Ia juga menyimpulkan, terkait perizinan yang sejak dulu diterapkan melalui pelayanan terpadu satu pintu itu, kini harus menjadi terpadu dan satu pintu benar-benar.
“Maksud saya, perizinan yang dimaksud terpadu ini harus segera terpadu satu pintu. Jangan pintu tapi banyak jendela, ini lah yang di Kabupaten Bogor saya dengar terus keluhan tersebut. Seperti di Dinas Penanaman Modal dan Pelayanan Terpadu Satu Pintu (DPMPTSP), tapi kenyataan tidak, karena masih banyak yang diurus di instansi lain seperti di DPKPP, DLH, Dinas PUPR, maupun Dishub mereka masing-masing punya jendela sendiri untuk permohonan pengurusan perizinan,” tegasnya lagi.
Lebih jauh Usep memaparkan, mahalnya biaya perizinan yang dirasakan bagi para pengusaha sebagai pihak pemohon, dikarenakan banyaknya perizinan yang harus ditempuh di beberapa Satuan Kerja Perangkat Daerah (SKPD).
“Kemudian, perizinan yang dipihak ketigakan. Itu mah terselubung kalau menurut saya lah, nggak apa-apa kalau disebut begitu juga. Karena masuk ke PAD nya kecil, tapi ke merekanya (pihak ketiga, red) nilainya mulai dari puluhan hingga ratusan juta rupiah seperti yang dikeluhkan oleh masyarakat melalui tulisan Status WhatsAppnya (SW),” tukas Usep sembari menutupi.
Sebelumnya, Salah satu warga Kabupaten Bogor mengeluhkan mahalnya biaya pengurusan perizinan yang dituangkannya melalui status WhatsApp (SW) pada, Kamis (5/1/23).
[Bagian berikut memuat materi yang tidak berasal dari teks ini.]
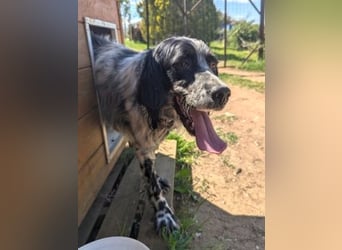 Gordy-wunderbarer Setter-Bub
Dalam tulisan SW nya itu sumber mengatakan, bahwa harga perlengkapan perizinan non retribusi mulai dari, Analisis Dampak Lalu lintas (Andalalin) di Dishub Kabupaten Bogor mulai dari Rp50 sampai 300 juta rupiah. Sedangkan, untuk biaya pengurusan Izin Upaya Pengelolaan Lingkungan dan Upaya Pemantauan Lingkungan (UKL/UPL) di Dinas Lingkungan Hidup (DLH) Kabupaten Bogor yang harganya dari Rp35 sampai 50 juta rupiah. Sementara, untuk biaya pengurusan izin Sertifikat Laik Fungsi (SLF) di Dinas Perumahan Kawasan Permukiman dan Pertanahan (DPKPP) Kabupaten Bogor mulai dari 25 juta rupiah sampai Rp250 juta, serta urusan biaya izin Ruang Milik Jalan (Rumija) di Dinas PUPR Kabupaten Bogor sendiri dari nilai Rp15 juta hingga mencapai Rp25 juta, dan pengurusan izin Peil Banjir di Dinas PUPR Kabupaten Bogor itu mulai dari Rp15 juta sampai 25 juta rupiah.
Adapun, dituliskan sumber yang enggan disebutkan namanya menambahkan, soal biaya pengurusan perizinan yang dipaparkan dalam SW tersebut belum lagi rekomendasi-rekomendasi yang lainnya berada di bawah, atau tingkat kelurahan dan Kecamatan.
“Ini yang mengakibatkan biaya awak perusahaan bengkak dan susah untuk di pertanggung jawabkan. Serta masih banyak lagi yang harus di tembus dan memerlukan biaya besar,” tulis sumber yang dikutip Bogorupdate.com dalam SW nya, pada Kamis (5/1/23).